Data Without Borders: an Introduction to R

Data Without Borders is a data science course geared computer science and statistical analysis with a focus on the R programming language. It’s being taught by Jake Porway. Here’s a detailed description of the course:

Students will learn to scrape, merge, and clean data with Python, perform statistical analysis and use machine learning algorithms with the R programming language, and visualize and explore data with D3. In addition to training you as data scientists, we will discuss the important social issues around data provenance, privacy, and the responsibility that comes with making claims from data.

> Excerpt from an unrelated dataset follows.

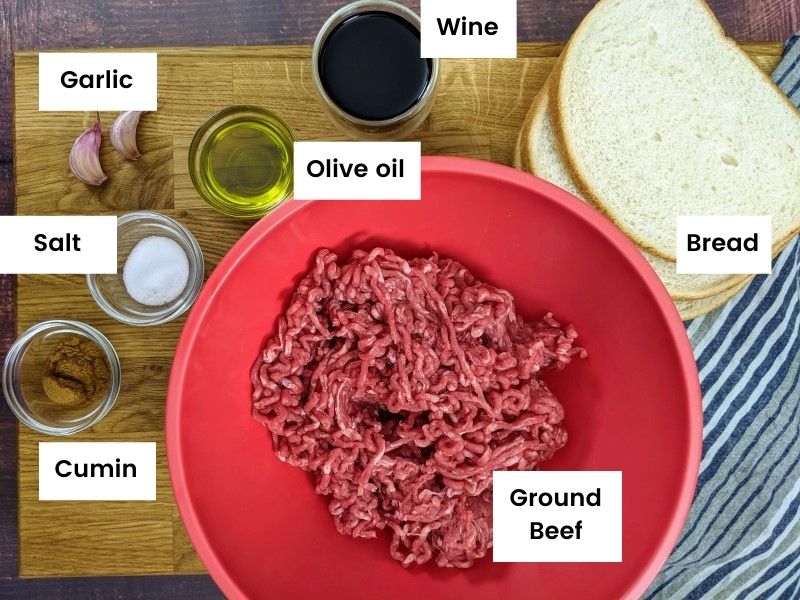 Ingredients for soutzoukakia meatballs.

Our first assignment used the available NYC stop-and-frisk dataset, which marks stops, frisks, arrests, the associated crime, as well as gender, race, and age data. The .csv is available here. We had to answer the following questions using R:

How many women were stopped? What percentage of the stops is this?
How many different kinds of suspected crimes are there? What do you think about that? Is that what you expected?
Which precinct had the most stops? How many were there? Which precinct had the least stops?
How many people between 18 and 30 were stopped?

Being a resident of NYC, and subjected to random searches on entrance to the subway, I have a somewhat intimate connection to this dataset. It’s very easy to look at a dataset about people as pure numbers. However, that would be a mistake.

I posted my answers here.

Additionally, we had to select our own small data set and create a plot of the data. I chose a data set of NYC bike rack locations. Here’s the plot:

As you can see, the area between 40.7 and 40.8 latitude and -74 longitude has the heaviest concentration of bike racks, which spans Manhattan.